Putting U.S.’s Aid to Ukraine in Context

Contrary to this Creative Commons image, Uncle Sam has plenty of money. That isn’t the issue.

I haven’t done one of my research deep dives on a political matter of salient interest in a few months, and I think Russia’s immoral and illegal invasion of Ukraine — and that is precisely the way to contextualize the war — in February of this year is worth digging into. By digging into, I mean the United States angle of it; there are far better and smarter people than I am to dig into the Ukraine-Russia aspect of it. The United States aspect refers to our aid to Ukraine since at least 2015, and obviously, the aid allocation amount increasing dramatically within the seven months since the invasion.

My math is probably off somewhere, but all told, across three presidents (Barack Obama, Donald Trump and Joe Biden), the United States has committed more than $16 billion to Ukraine, and nearly $13 billion of that is just since January. Through the Biden administration, there have been 21 packages of military aid, and the money outlined isn’t counting some of those packages, where the valuation hasn’t been ascertained when we’re sending artillery rounds, radar systems, trailers and trucks, mine-clearing equipment, small arms, night vision, etc. Most of the packages have come in varying increments, like $75 million here, $250 million there, with the latest nearly $3 billion being the most.

The salient point I referred to above is the way people domestically view this spending in America.
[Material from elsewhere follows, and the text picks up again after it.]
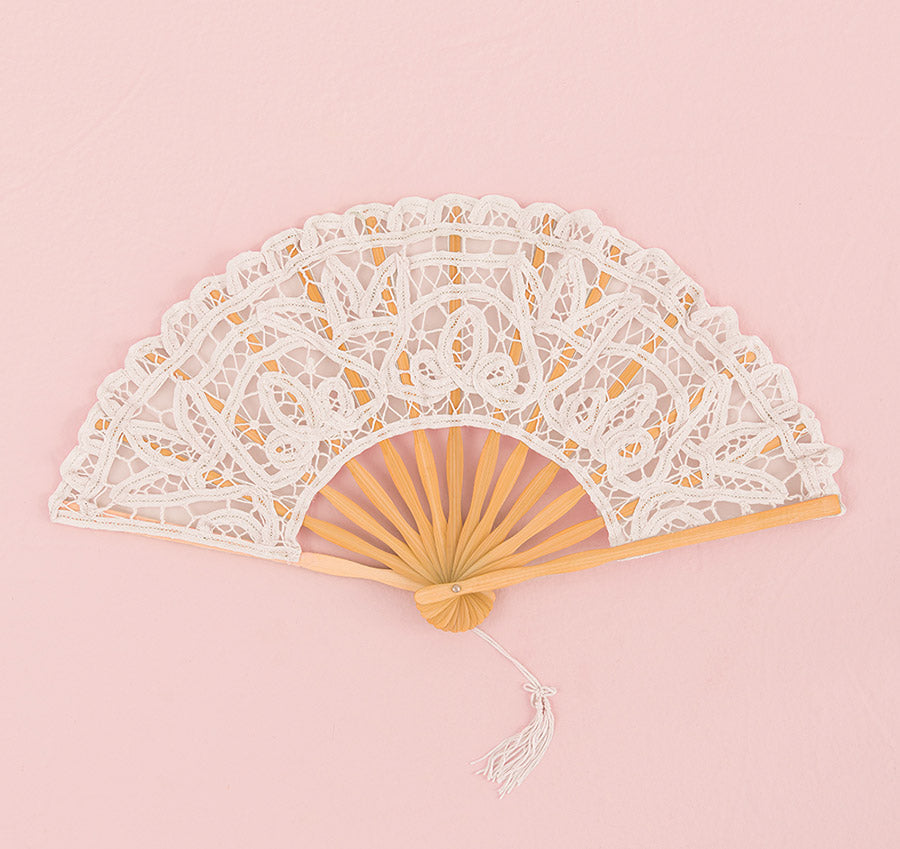 White Lace Wedding Fans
Conservatives and so-called libertarian pundits have blasted this spending as unnecessary and a misallocation that could better be spent on domestic [insert their preferred pet project to juxtapose with Ukrainian aid to generate the most outrage]. I’ve also heard from regular Americans who are frustrated by the spending — and that goes back to an age-old concern with foreign aid spending — and wondering why the United States government isn’t spending more domestically.

I’m going to try to break this down. In 2021, the United States government spent $6.82 trillion. That’s trillion. Not billion, not even million, but trillion. In other words, $16 billion — and that’s the figure for eight years, even if most of it has come from this year — represents about 0.23 percent of federal spending. Not even one percent. That isn’t a comment about whether it is a good use of federal allocation, but rather, to put it in the proper context. Again, to go to the federal foreign aid analogy, people wildly misunderstand and exaggerate the extent the United States spends on foreign aid. While foreign aid represents a bigger chunk of the budget than Ukrainian-specific aid, it still isn’t a big chunk: About $51.1 billion (in 2020), or 1 percent of the budget. Seriously, Americans think foreign aid is like 25 percent of the budget, which is ludicrous. Some thought it was even as high as 51 percent!

So, let me speak plainly: Whether it is concern about overspending on foreign aid or present concern about overspending (or spending at all) on aiding Ukrainians against Russian invaders, Americans widely overestimate the spending and that is because of fear of the other and fear of the foreigner, and that is precisely why conservative and so-called libertarian pundits continue to punch this point over and over without the necessary context. If you have this context and you still think it is a misallocation of federal tax dollars, then I can at least understand that. We can have that discussion. But if you’re concerned about the allocation of that money because you think it represents a large chunk of the American budget that otherwise would have, and should have, gone to Americans, you’ve been led astray from the facts.

For the record, on the spending, I think the American government has plenty of money to address X, Y and Z domestic concern that pundits pretend isn’t being adequately solved because of aid to Ukraine; the problem isn’t the aid to Ukraine, it is that the American government is bad at solving problems and bad at adequately allocating money for those problems. There is not a shortage of money problem. In addition, inflationary and other economic concerns are far deeper, systemic, and stretch back before the conflict to be put at the doorstep of Ukrainian aid, either. Ukrainian aid is another convenient scapegoat in that regard.

As for the actual purpose of the money, I’m about as morally, socially and politically pacifist as it comes. But I don’t see fault with the United States offering its plethora of surplus equipment and relatively “budgetary pocket change,” as it were, to Ukraine to help fight aggressive and immoral invaders waging war on them.